Your answer must be the records below, reproduced exactly.

Start of Data shown

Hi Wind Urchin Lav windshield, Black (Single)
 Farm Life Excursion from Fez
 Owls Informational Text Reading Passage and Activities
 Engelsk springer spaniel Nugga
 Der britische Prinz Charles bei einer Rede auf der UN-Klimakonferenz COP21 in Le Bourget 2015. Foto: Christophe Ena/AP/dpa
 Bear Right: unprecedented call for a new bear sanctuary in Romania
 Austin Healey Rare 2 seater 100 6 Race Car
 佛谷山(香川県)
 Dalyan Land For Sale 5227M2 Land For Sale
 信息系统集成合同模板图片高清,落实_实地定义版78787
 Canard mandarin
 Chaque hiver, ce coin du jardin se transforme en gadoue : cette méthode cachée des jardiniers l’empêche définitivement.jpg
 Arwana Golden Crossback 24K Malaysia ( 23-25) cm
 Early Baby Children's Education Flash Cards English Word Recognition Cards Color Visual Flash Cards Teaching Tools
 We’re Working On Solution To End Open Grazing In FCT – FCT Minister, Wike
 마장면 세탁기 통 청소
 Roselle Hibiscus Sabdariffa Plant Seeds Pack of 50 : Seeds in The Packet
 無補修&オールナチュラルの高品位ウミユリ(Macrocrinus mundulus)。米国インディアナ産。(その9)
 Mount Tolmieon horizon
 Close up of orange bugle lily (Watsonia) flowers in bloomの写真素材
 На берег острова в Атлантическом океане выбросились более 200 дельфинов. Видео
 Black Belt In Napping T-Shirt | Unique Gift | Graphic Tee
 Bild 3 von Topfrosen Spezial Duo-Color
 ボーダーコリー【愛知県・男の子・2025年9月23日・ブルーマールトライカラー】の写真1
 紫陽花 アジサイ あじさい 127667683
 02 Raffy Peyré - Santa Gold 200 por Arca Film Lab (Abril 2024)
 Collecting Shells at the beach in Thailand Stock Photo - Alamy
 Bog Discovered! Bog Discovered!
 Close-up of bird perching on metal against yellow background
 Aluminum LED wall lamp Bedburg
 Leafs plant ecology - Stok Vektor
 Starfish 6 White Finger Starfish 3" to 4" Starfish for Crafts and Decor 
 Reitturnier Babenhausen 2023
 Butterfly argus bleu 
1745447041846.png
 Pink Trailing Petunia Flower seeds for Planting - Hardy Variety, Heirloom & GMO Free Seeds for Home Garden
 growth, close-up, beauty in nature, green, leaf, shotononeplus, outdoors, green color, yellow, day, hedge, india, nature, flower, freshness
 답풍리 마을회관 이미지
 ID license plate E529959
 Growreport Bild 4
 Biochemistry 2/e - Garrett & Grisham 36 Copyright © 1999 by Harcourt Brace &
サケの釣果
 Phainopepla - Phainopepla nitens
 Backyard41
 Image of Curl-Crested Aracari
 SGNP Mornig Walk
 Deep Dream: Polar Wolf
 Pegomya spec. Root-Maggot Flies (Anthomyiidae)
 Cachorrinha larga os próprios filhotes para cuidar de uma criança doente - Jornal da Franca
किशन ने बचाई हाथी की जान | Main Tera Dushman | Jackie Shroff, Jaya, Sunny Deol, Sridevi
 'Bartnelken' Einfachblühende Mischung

End of Data shown

**Solution to this exercise**
Hi Wind Urchin Lav windshield, Black (Single)
 Farm Life Excursion from Fez
 Owls Informational Text Reading Passage and Activities
 Engelsk springer spaniel Nugga
 Der britische Prinz Charles bei einer Rede auf der UN-Klimakonferenz COP21 in Le Bourget 2015. Foto: Christophe Ena/AP/dpa
 Bear Right: unprecedented call for a new bear sanctuary in Romania
 Austin Healey Rare 2 seater 100 6 Race Car
 佛谷山(香川県)
 Dalyan Land For Sale 5227M2 Land For Sale
 信息系统集成合同模板图片高清,落实_实地定义版78787
 Canard mandarin
 Chaque hiver, ce coin du jardin se transforme en gadoue : cette méthode cachée des jardiniers l’empêche définitivement.jpg
 Arwana Golden Crossback 24K Malaysia ( 23-25) cm
 Early Baby Children's Education Flash Cards English Word Recognition Cards Color Visual Flash Cards Teaching Tools
 We’re Working On Solution To End Open Grazing In FCT – FCT Minister, Wike
 마장면 세탁기 통 청소
 Roselle Hibiscus Sabdariffa Plant Seeds Pack of 50 : Seeds in The Packet
 無補修&オールナチュラルの高品位ウミユリ(Macrocrinus mundulus)。米国インディアナ産。(その9)
 Mount Tolmieon horizon
 Close up of orange bugle lily (Watsonia) flowers in bloomの写真素材
 На берег острова в Атлантическом океане выбросились более 200 дельфинов. Видео
 Black Belt In Napping T-Shirt | Unique Gift | Graphic Tee
 Bild 3 von Topfrosen Spezial Duo-Color
 ボーダーコリー【愛知県・男の子・2025年9月23日・ブルーマールトライカラー】の写真1
 紫陽花 アジサイ あじさい 127667683
 02 Raffy Peyré - Santa Gold 200 por Arca Film Lab (Abril 2024)
 Collecting Shells at the beach in Thailand Stock Photo - Alamy
 Bog Discovered! Bog Discovered!
 Close-up of bird perching on metal against yellow background
 Aluminum LED wall lamp Bedburg
 Leafs plant ecology - Stok Vektor
 Starfish 6 White Finger Starfish 3" to 4" Starfish for Crafts and Decor 
 Reitturnier Babenhausen 2023
 Butterfly argus bleu 
1745447041846.png
 Pink Trailing Petunia Flower seeds for Planting - Hardy Variety, Heirloom & GMO Free Seeds for Home Garden
 growth, close-up, beauty in nature, green, leaf, shotononeplus, outdoors, green color, yellow, day, hedge, india, nature, flower, freshness
 답풍리 마을회관 이미지
 ID license plate E529959
 Growreport Bild 4
 Biochemistry 2/e - Garrett & Grisham 36 Copyright © 1999 by Harcourt Brace &
サケの釣果
 Phainopepla - Phainopepla nitens
 Backyard41
 Image of Curl-Crested Aracari
 SGNP Mornig Walk
 Deep Dream: Polar Wolf
 Pegomya spec. Root-Maggot Flies (Anthomyiidae)
 Cachorrinha larga os próprios filhotes para cuidar de uma criança doente - Jornal da Franca
किशन ने बचाई हाथी की जान | Main Tera Dushman | Jackie Shroff, Jaya, Sunny Deol, Sridevi
 'Bartnelken' Einfachblühende Mischung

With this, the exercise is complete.